Let’s talk about COVID-19. How can SC residents be better and help stop the spread?
Mace: “We all knew that as we started to reopen our economy and restart that economic engine that cases would increase... the state and private labs they all have the ability to test more people so again those numbers are increasing. So when I look at it, I do think our economy needs to reopen. I do believe that we can still social distance people can wear masks and wash their hands and if they’re older or have underlying health conditions, they should stay home longer. But the entire economy shut down, people can’t pay their rent can’t pay their mortgages, there are dire economic and even health consequences to having 100 percent shut down. And we’ve got to be able to balance the health and safety of our community with getting back to work as well, and I think both can be done at the same time and that’s the policy I’m pushing going forward."
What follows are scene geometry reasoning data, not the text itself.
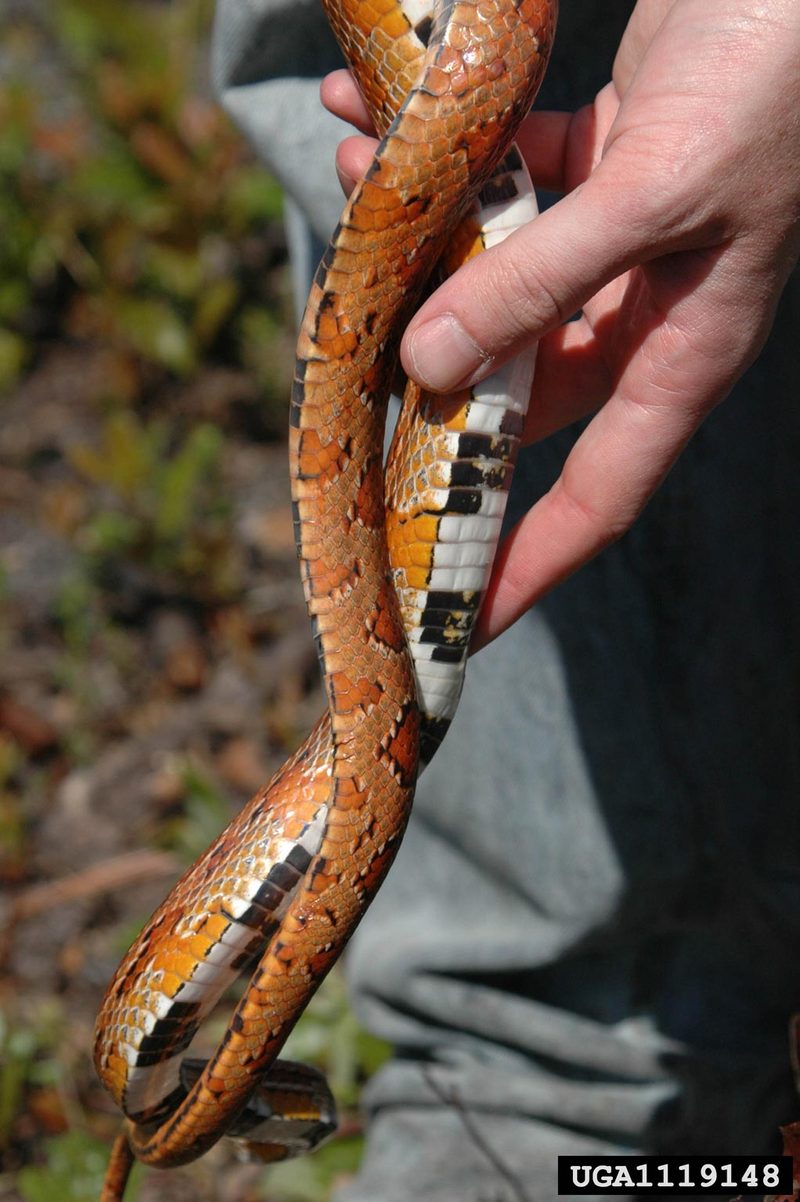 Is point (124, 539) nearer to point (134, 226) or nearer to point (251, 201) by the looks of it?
point (134, 226)

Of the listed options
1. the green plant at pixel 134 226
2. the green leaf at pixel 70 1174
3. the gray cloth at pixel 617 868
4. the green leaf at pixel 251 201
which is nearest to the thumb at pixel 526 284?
the gray cloth at pixel 617 868

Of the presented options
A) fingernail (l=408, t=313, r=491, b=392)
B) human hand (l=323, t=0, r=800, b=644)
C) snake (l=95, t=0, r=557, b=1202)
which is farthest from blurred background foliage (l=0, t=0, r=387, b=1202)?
fingernail (l=408, t=313, r=491, b=392)

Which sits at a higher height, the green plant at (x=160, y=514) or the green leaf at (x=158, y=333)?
the green leaf at (x=158, y=333)

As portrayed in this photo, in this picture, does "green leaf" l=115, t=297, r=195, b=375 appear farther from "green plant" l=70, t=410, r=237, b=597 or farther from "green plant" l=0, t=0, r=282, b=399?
"green plant" l=70, t=410, r=237, b=597

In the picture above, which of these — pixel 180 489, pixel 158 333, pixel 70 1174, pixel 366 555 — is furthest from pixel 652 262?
pixel 158 333

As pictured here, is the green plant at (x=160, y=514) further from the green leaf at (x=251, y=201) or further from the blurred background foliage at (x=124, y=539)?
the green leaf at (x=251, y=201)

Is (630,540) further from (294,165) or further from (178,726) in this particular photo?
(178,726)

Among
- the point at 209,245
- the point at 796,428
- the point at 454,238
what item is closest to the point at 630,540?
the point at 796,428
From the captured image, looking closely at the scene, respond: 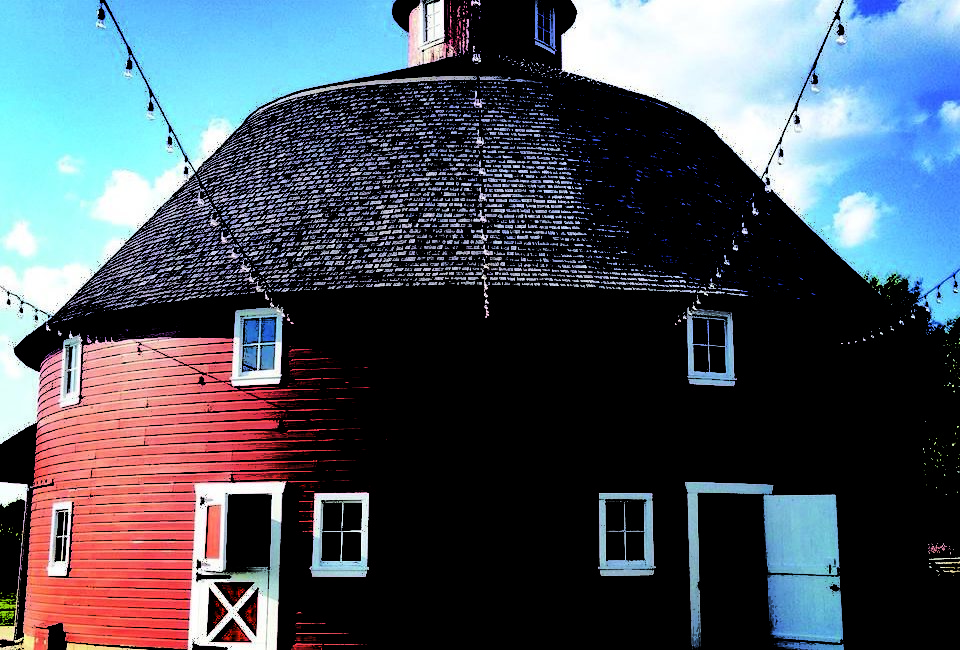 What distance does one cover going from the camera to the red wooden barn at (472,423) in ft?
38.6

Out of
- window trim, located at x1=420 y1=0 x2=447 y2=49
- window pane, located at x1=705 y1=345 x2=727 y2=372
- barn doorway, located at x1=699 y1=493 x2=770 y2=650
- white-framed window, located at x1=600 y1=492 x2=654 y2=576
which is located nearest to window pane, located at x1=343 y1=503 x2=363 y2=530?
white-framed window, located at x1=600 y1=492 x2=654 y2=576

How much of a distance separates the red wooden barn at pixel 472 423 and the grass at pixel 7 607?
6.11m

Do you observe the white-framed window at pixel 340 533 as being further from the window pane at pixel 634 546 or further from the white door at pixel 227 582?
the window pane at pixel 634 546

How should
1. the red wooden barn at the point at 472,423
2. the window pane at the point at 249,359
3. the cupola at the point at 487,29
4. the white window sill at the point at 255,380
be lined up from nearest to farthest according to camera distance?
the red wooden barn at the point at 472,423
the white window sill at the point at 255,380
the window pane at the point at 249,359
the cupola at the point at 487,29

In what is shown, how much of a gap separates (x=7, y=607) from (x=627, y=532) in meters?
17.5

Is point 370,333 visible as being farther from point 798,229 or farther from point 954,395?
point 954,395

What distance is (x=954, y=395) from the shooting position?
3028 centimetres

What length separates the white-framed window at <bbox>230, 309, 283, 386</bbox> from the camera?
12.4m

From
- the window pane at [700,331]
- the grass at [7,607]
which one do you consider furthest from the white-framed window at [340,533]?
the grass at [7,607]

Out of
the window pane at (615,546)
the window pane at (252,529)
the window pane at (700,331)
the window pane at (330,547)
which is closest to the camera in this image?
the window pane at (330,547)

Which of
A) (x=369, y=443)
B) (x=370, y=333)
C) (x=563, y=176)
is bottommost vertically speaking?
(x=369, y=443)

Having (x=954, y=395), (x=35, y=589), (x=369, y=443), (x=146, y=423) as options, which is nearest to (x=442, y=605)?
(x=369, y=443)

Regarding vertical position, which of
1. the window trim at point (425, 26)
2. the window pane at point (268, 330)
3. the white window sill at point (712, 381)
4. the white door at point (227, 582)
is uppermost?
the window trim at point (425, 26)

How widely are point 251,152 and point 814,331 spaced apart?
865cm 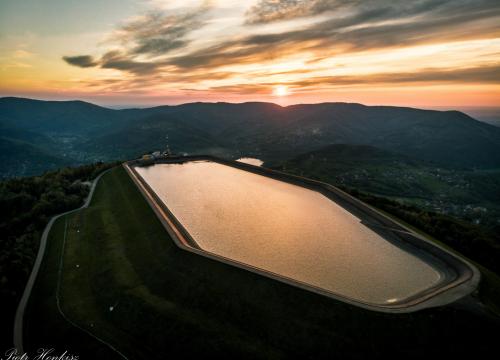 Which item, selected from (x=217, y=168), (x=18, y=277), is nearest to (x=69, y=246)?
(x=18, y=277)

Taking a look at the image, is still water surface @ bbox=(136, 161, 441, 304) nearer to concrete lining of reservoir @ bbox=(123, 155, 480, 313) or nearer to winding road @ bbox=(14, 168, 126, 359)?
concrete lining of reservoir @ bbox=(123, 155, 480, 313)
Cunningham: “I’ve said from the beginning, this discussion needs to be led with facts and science and nothing should be partisan about this discussion. And it is concerning to me to see the number of cases go up. We’ve got to keep an eye on the infection rate because as we begin to test more people, the number of cases naturally will go up, but keep an eye on that infection rate. And recognizing that the state may impose certain restrictions on businesses or individuals, but aside from that, we all have a personal responsibility. So if you live with someone who is elderly or has a compromised immune system, you may want to take extra precaution before going out to eat or gathering with numerous people. So people need to be aware of that and apply that to their lives.”
Why should voters pick you in November?
Mace: "I grew up here in the Lowcountry, I’m from Goose Creek. A lot of folks know me as the first woman to graduate form The Citadel. I’ve done everything from a Waffle House waitress, business woman and a single mom, so when we talk about those issues and communities and voters that are out there, I’ve walked in a lot of those shoes. And I’ve worked hard for the Lowcountry in my role as a state lawmaker and I can promise you no one is going to work harder than I will for the first congressional district. I love our community and look forward to being a good listener on the campaign trail. I want to earn the trust and confidence of voters and of course I want to earn their vote in November.
Cunningham: “I’m a firm believer that if you do what you say you’re going to do and you’re transparent about it, that people will send you back. We’ve got the proof points to establish that I’ve been one of the most bipartisan member of Congress, the most bipartisan member of my freshman class. I’ve been fighting hard for veterans and getting resources back here to the Lowcountry for our constituents and again, we’ve got a lot to showcase during this election campaign. The campaign will come at a later date, right now we’ve got to continue focusing on issues people face here today.”